Entre 1905 y 1915, algunos triunfos internacionales en importantes concursos llevan su prestigio a extremos poco menos que inimaginables para una artista en esa época. Lola esculpe, a instancias de Roca, varias obras para el nuevo edificio del Congreso Nacional (dos leones y una imagen de la Libertad, entre otras) y gana los certámenes para realizar los monumentos a la Bandera en Rosario y a Nicolás Avellaneda. Mientras tanto, en junio de 1909, su azarosa vida sentimental se remansa en el matrimonio con Luis Hernández, un funcionario del Congreso, que a su condición de hijo de un ex gobernador entrerriano, el doctor Saba Hernández, sumaba nada menos que otro parentesco envidiable: el de sobrino nieto del autor del Martín Fierro.

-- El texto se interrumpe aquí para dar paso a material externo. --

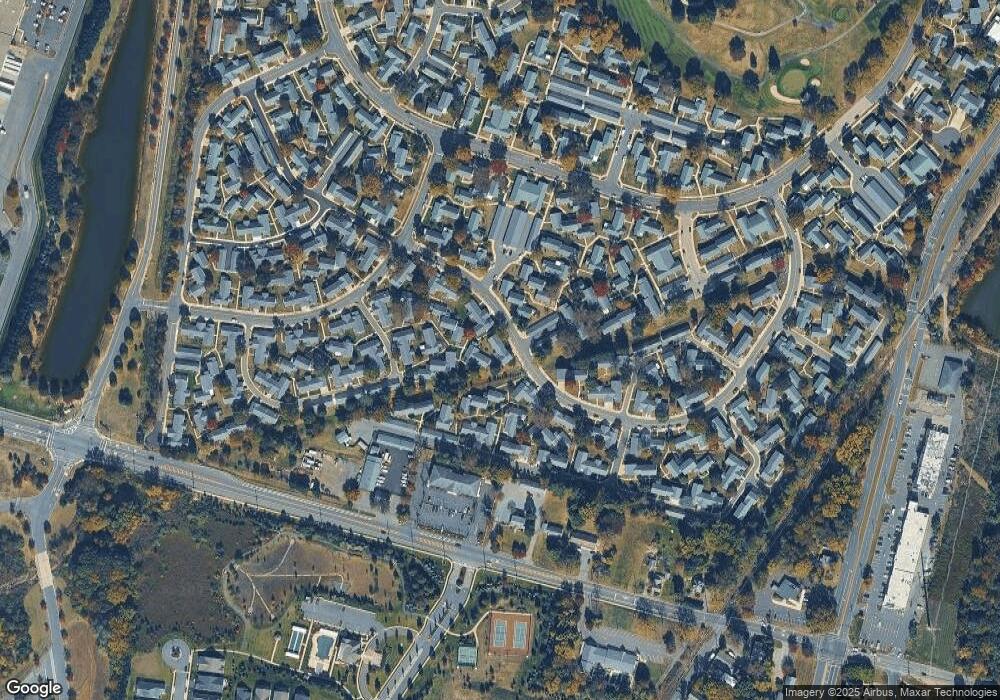 435-0 Newport Way unit O, Monroe, NJ 08831 - photo 1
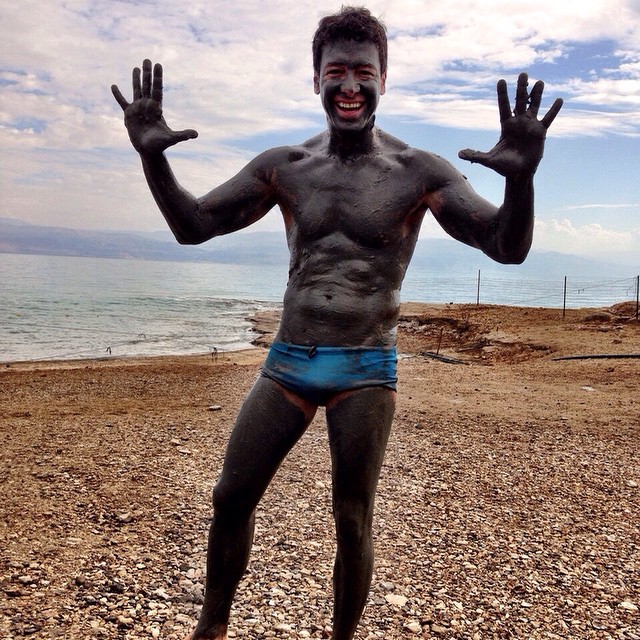 Rodrigo Faro toma banho de lama no Mar Morto, em Israel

Fueron los mejores diez años de su existencia, donde el amor y el trabajo completaban sus horas. En 1915 el horizonte empieza a nublarse cuando un puñado de legisladores radicales, socialistas y conservadores califican a sus obras emplazadas en el Congreso de verdaderos adefesios. Detrás de la crítica se esconde la maniobra política. Es que el general Roca ya había muerto —y con él una forma de entender el conservadurismo— y los enemigos de siempre comenzaron a cazar a sus deudos. Todo el mundillo político conocía los lazos sentimentales que unieron a Lola con Roca y por ello se convirtió en un blanco perfecto. Las obras del Parlamento fueron sepultadas en un galpón municipal; la fuente fue trasladada a la inhóspita Costanera Sur y el Monumento a la Bandera —ya esculpido— es desmembrado y desperdigado por todo  Rosario. En 1917 se separa de su marido, en 1918 Las Nereidas comienzan a sufrir la acción disolvente del río y en 1921 los presidentes de la Cámara Baja y del Senado deciden exonerar a las estatuas y a los leones remitiéndolos al interior del país.
Letjman: Op. cit.)
Ya en la década del 20, sus sinsabores con el arte y la incomprensión vengativa del medio la llevan a aventuras diversas en procura de algún rédito económico: una propuesta de proyección diurna de cine al aire libre; una experiencia de explotación y comercialización de petróleo y metales nobles en la provincia de Salta. Ricardo Alonso señala la existencia de los socavones de exploración y los rudimenta­rios hornos fabricados por Lola Mora en las quebradas Cueva del Ne- gro y las Bateas, en su búsqueda del "oro negro".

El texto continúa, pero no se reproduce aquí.